J'ai trouvé cet article, dans lequel on suggère d'autres appellations :
*Quasi-frère, demi-frère ou frère, quels termes choisir ?*

Je mets deux petits bouts  :





> Comment appeler l’enfant du mari de ma mère, ou de la femme de mon père ? Dois-je dire ma demi-sœur, ma quasi-soeur, la fille de la copine de mon père ? Les enfants qui vivent ensemble mais issus d’une union différente se posent régulièrement cette question de la définition de leur lien de parenté.
> [...]
> Nous avons réalisé un test rapide et constaté très vite que le terme de quasi- soeur ou frère était très peu connu et pratiquement jamais utilisé.


----------



## pascalfor

Je serai du même avis que Nicomon.

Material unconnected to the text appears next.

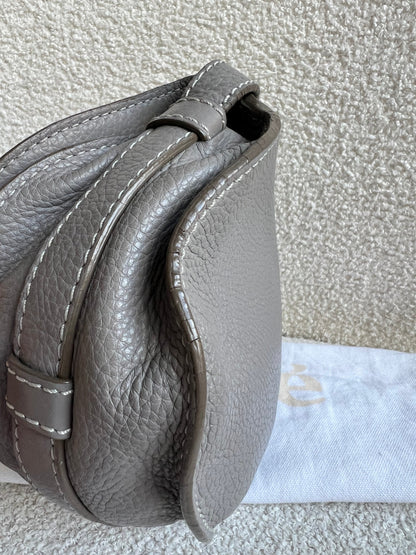 Chloe Small Cashmere Grey Marcie Saddle Bag (RRP £1050)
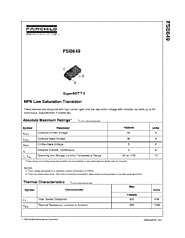 DataSheet FSB649 pdf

Et je n'avais jamais entendu cette expression qui ne me semble pas très heureuse.


----------



## nicduf

Pour moi, quasi frère s'emploie pour frère de coeur et demi frère lorsque l'on a un seul parent en commun.


----------



## SergueiL

Pourquoi ne dirait-on pas frère et sœur _par alliance_ ?


----------



## Nicomon

C'est une des suggestions de l'article que j'ai mis en lien au post 4.     Je cite le paragraphe : 





> *Frère ou sœur par alliance* : cette expression à l’origine créée pour définir le conjoint de mon frère ou de ma sœur, est également utilisée pour définir l’enfant de mon beau-parent dans ma famille recomposée. L’alliance signifie que je n’ai pas de lien de sang avec ce dernier mais qu’il devient mon frère ou ma sœur du fait de l’alliance de mon père avec ma belle-mère par exemple.


----------



## nicduf

Cela me semble une excellente suggestion.


----------



## Jacques Prévert

Bonjour, j'ai une question.

Selon le Grand Robert:
*beau-frère* : frère du conjoint / conjoint masculin de la soeur ou du frère
*demi- frère *: frère par la père ou la mère seulement. (c'est-à-dire frère né du même père ou de la même mère)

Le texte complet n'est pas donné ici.